TASK TO CARRY OUT: Reproduction of part of the material below, pictures omitted: copy exactly, and only, the lines starting with the one with "Certified 2024 Chevrolet" and going on through the one with "Škoda Octavia, 2015".

TASK MATERIAL:
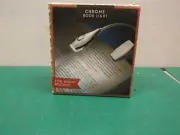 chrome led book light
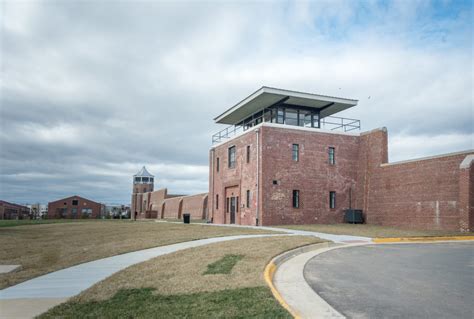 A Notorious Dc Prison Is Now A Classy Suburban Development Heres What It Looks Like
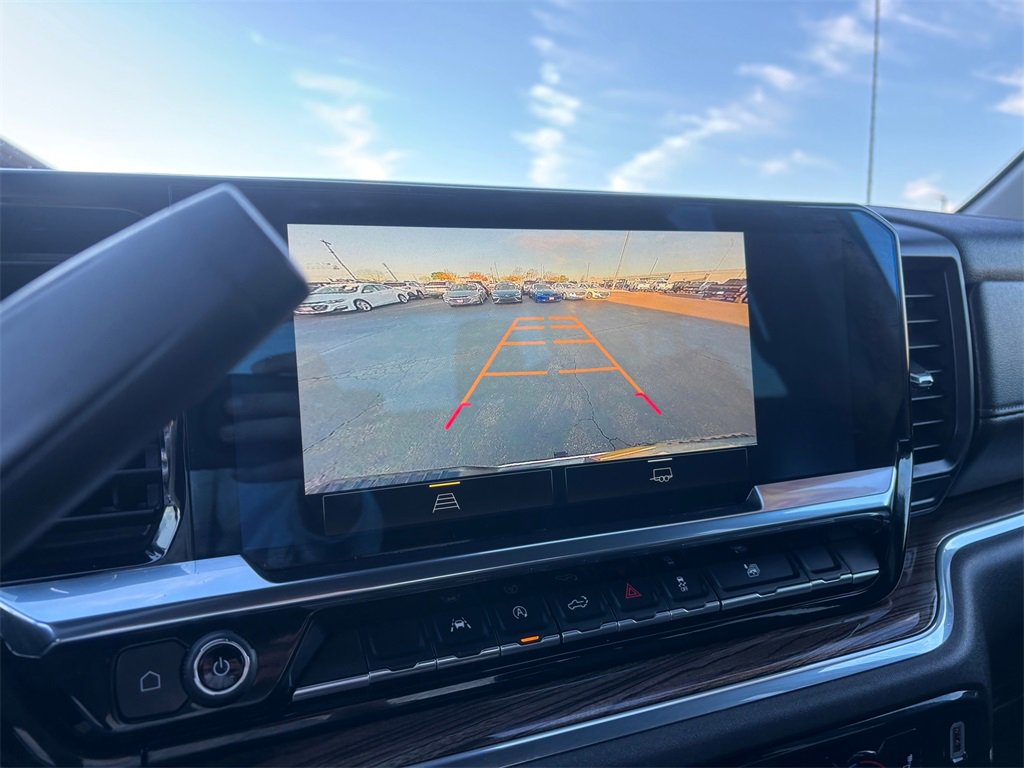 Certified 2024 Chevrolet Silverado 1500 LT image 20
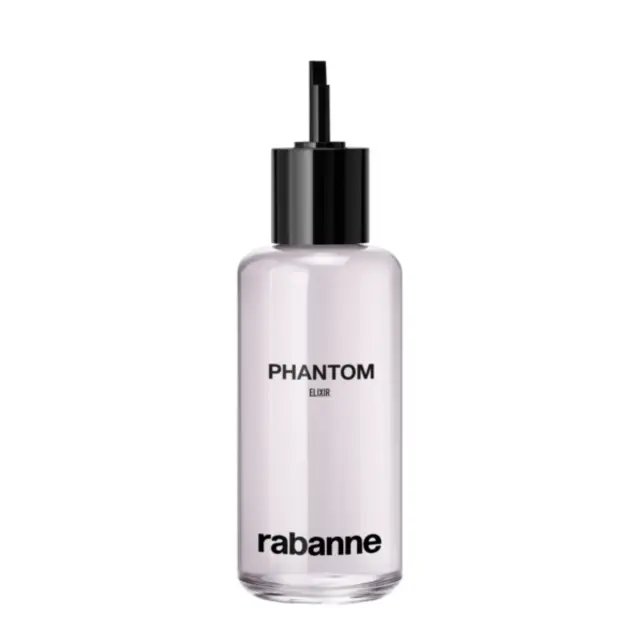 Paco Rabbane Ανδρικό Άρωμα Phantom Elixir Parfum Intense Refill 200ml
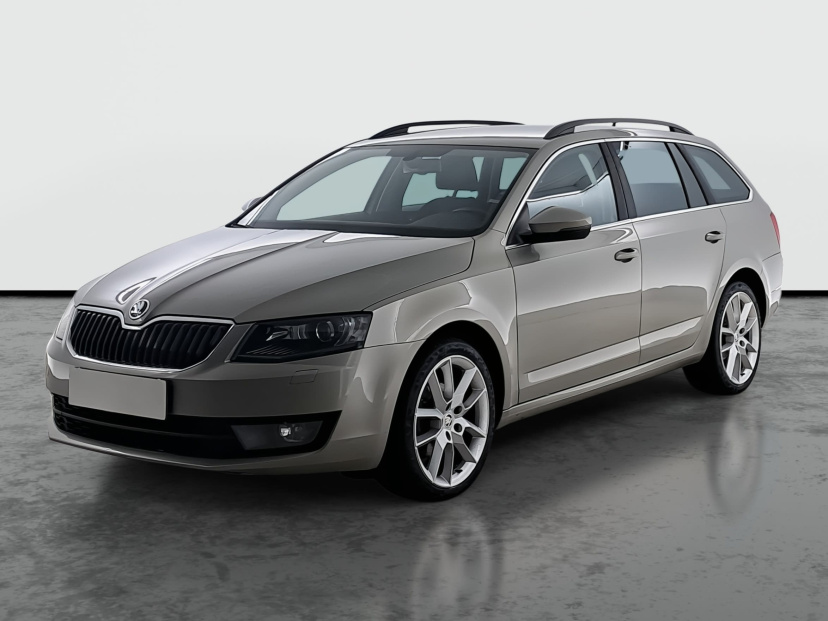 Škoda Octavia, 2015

...

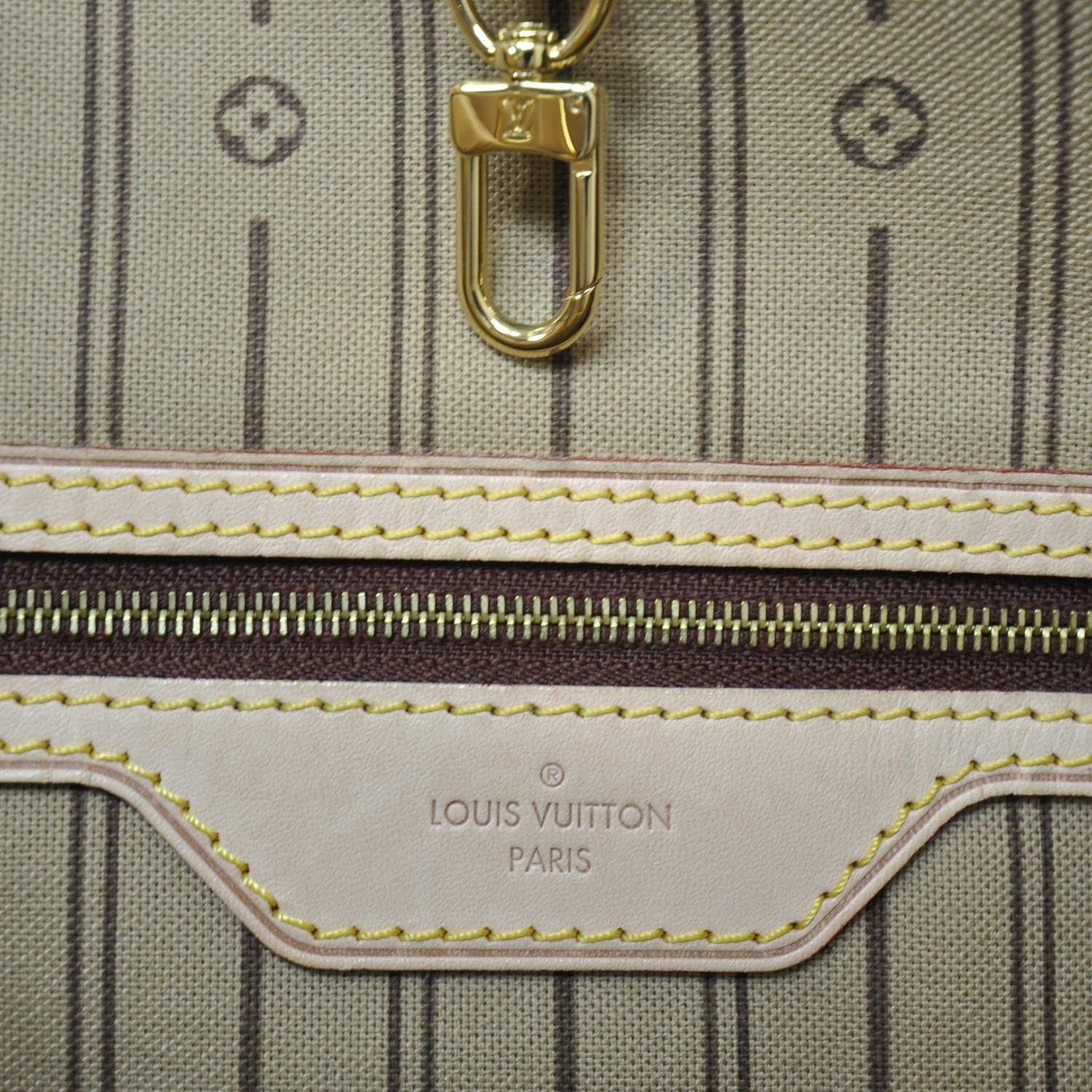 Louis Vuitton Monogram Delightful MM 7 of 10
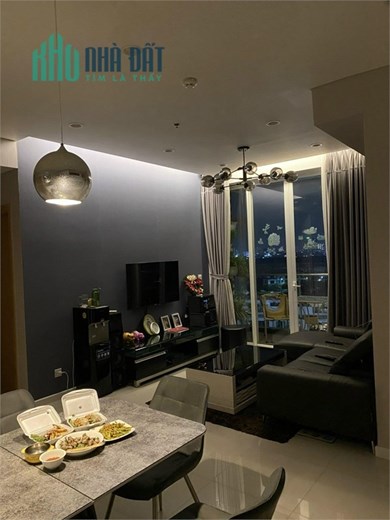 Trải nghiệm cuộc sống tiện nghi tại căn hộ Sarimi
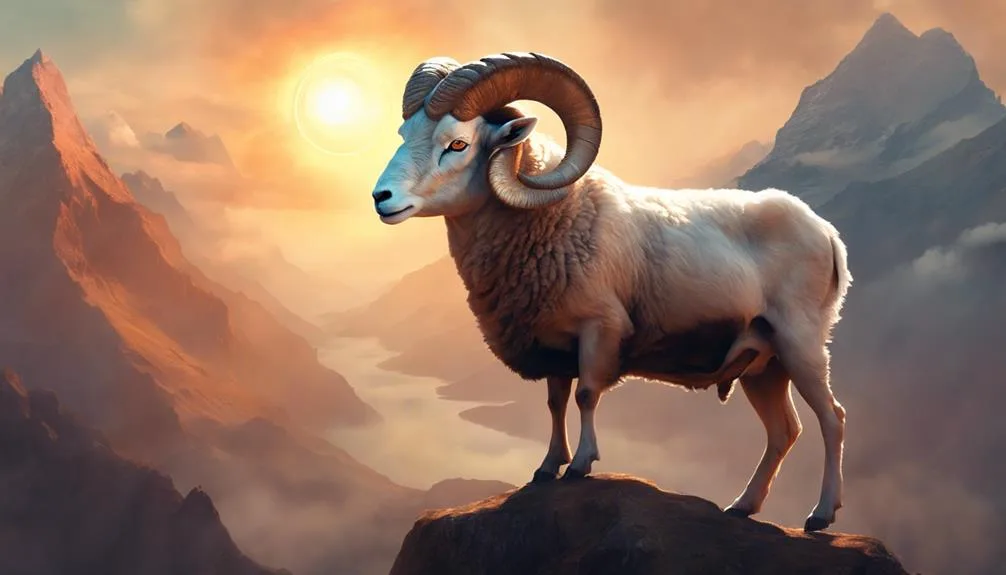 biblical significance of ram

YOUR RESPONSE:
 Certified 2024 Chevrolet Silverado 1500 LT image 20
 Paco Rabbane Ανδρικό Άρωμα Phantom Elixir Parfum Intense Refill 200ml
 Škoda Octavia, 2015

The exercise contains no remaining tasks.